Running project_build with '''-l''' will reload the latest dump (if any) with dump_file_prefix and restart the build from that point.

Note You must use the full path to the dump file, e.g. /some/dump/location/dump_file_prefix

Running a Single Datasource#

Before starting the build process you will need to set up the appropriate properties and then initialise your database with this command:

flymine $ ./gradlew builddb

Note Running the builddb target will drop the current database and create a new, blank database.

To run a data source, run this command in your mine directory, specifying the source name (as it appears in project.xml):

flymine $ ./gradlew integrate -Psource=uniprot --stacktrace

Most sources have multiple stages in retrieving data, to run just one stage use:

flymine $ ./gradlew integrate -Psource=uniprot -Paction=load --stacktrace

The stages are:

preretrieve

pre-processing that is done

retrieve

load data from source database/files into an items database

load

read from a target items database and integrate into the production database

See /system-requirements/software/gradle/index for the full list of common Gradle tasks, or run ./gradlew tasks to see the list of available tasks on the command line.

Running a Custom Datasource#

The build script expects the data source to be on the classpath already.
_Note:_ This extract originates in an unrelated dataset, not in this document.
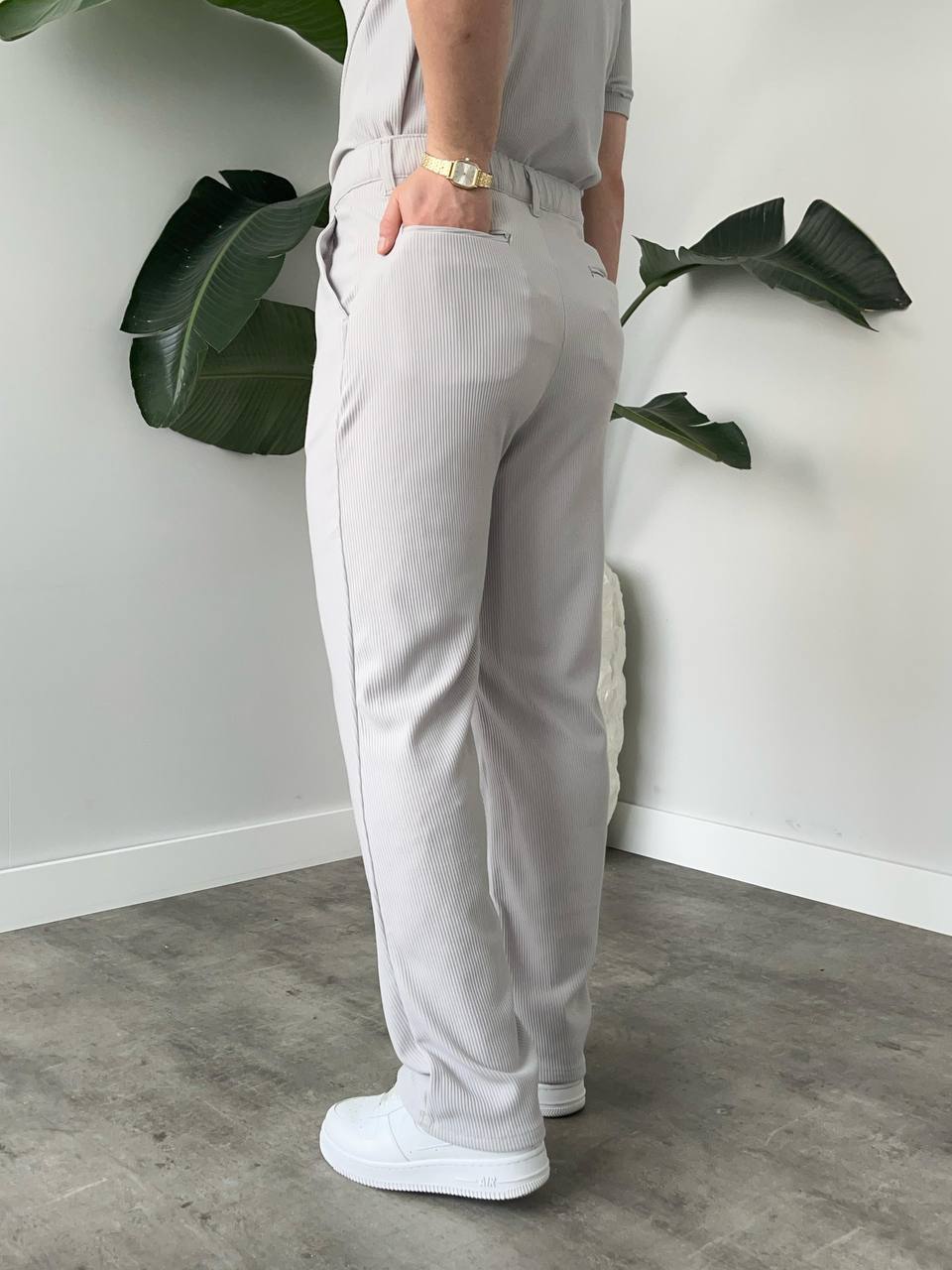 ENSEMBLE OLD MONEY GRIS CLAIR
If you are using a data source provided by InterMine, that parser will be put on the classpath for you. If you are using a custom source, you will need to put it on the classpath yourself. You can use the Gradle Maven plugin task install to compile your Java code, build the JAR and put on your classpath.

# run the install task to build your JAR
flymine-bio-sources $ ./gradlew install
# you can install a single source
flymine-bio-sources $ ./gradlew rnai:install

The install task will place the JAR in the Maven directory \"~/.m2/repository\".